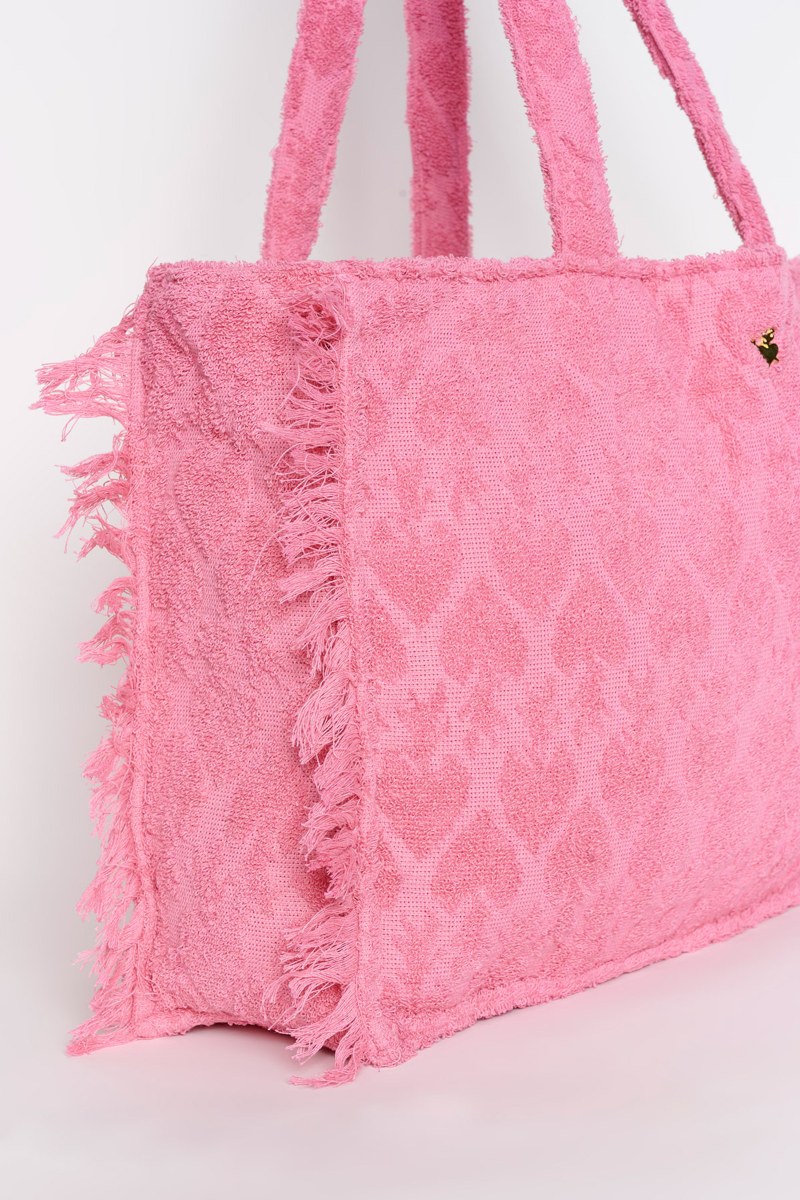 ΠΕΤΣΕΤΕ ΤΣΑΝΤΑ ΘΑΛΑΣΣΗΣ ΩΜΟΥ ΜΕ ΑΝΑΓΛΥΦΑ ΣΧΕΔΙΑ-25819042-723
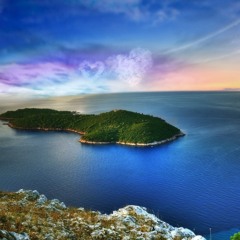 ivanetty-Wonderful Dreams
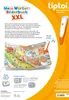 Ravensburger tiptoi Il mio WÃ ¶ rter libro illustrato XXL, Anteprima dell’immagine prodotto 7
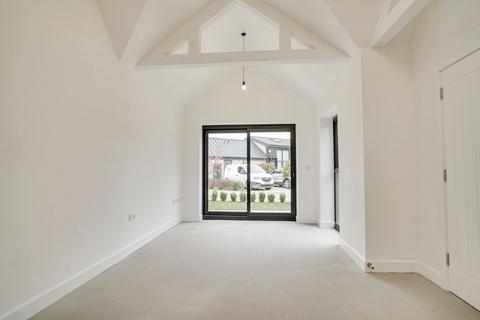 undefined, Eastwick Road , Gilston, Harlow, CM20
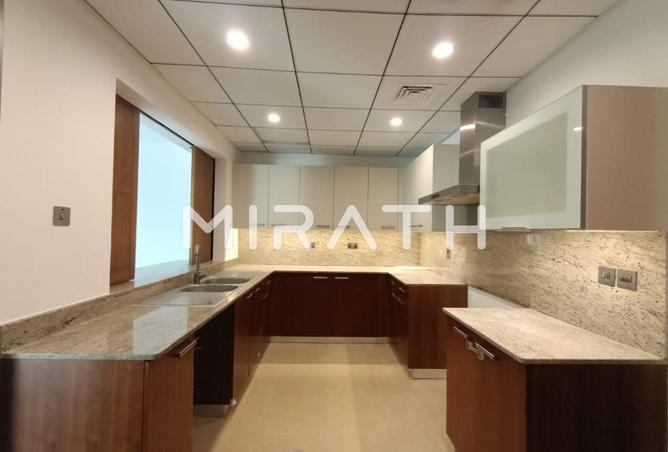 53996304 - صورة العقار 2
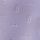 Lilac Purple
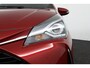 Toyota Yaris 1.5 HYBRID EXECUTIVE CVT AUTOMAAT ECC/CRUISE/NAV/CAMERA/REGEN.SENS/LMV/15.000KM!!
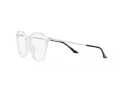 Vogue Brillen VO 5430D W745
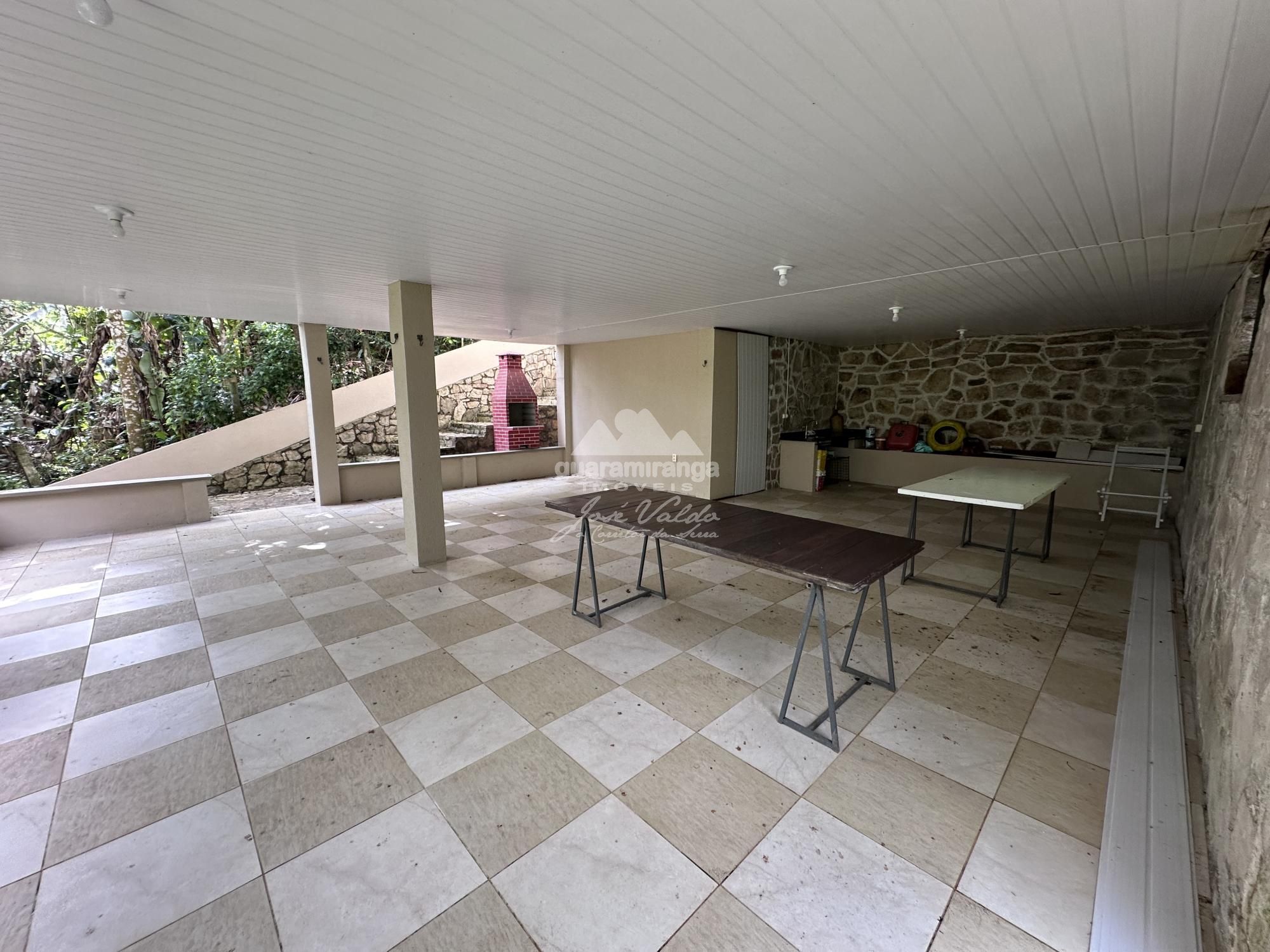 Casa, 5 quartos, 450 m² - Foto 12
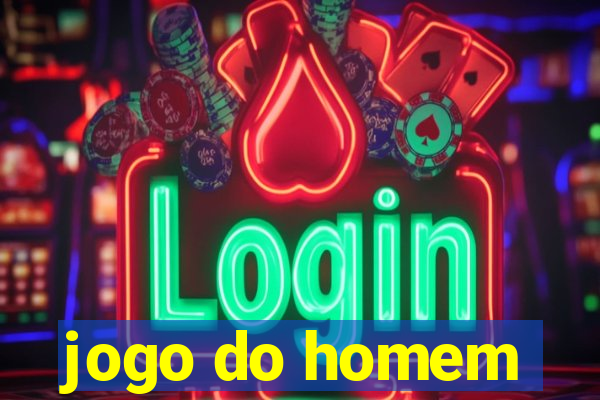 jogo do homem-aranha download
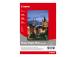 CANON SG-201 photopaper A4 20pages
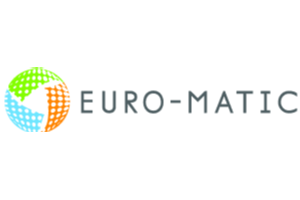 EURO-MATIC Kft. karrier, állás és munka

* * * * *

THE TASK: From the line containing "Casa, 5 quartos, 450 m² - Foto 12" down to the final line of the listing above, write out only those lines exactly as they are, minus the pictures.

FINAL ANSWER:
 Casa, 5 quartos, 450 m² - Foto 12
 jogo do homem-aranha download
 CANON SG-201 photopaper A4 20pages
 EURO-MATIC Kft. karrier, állás és munka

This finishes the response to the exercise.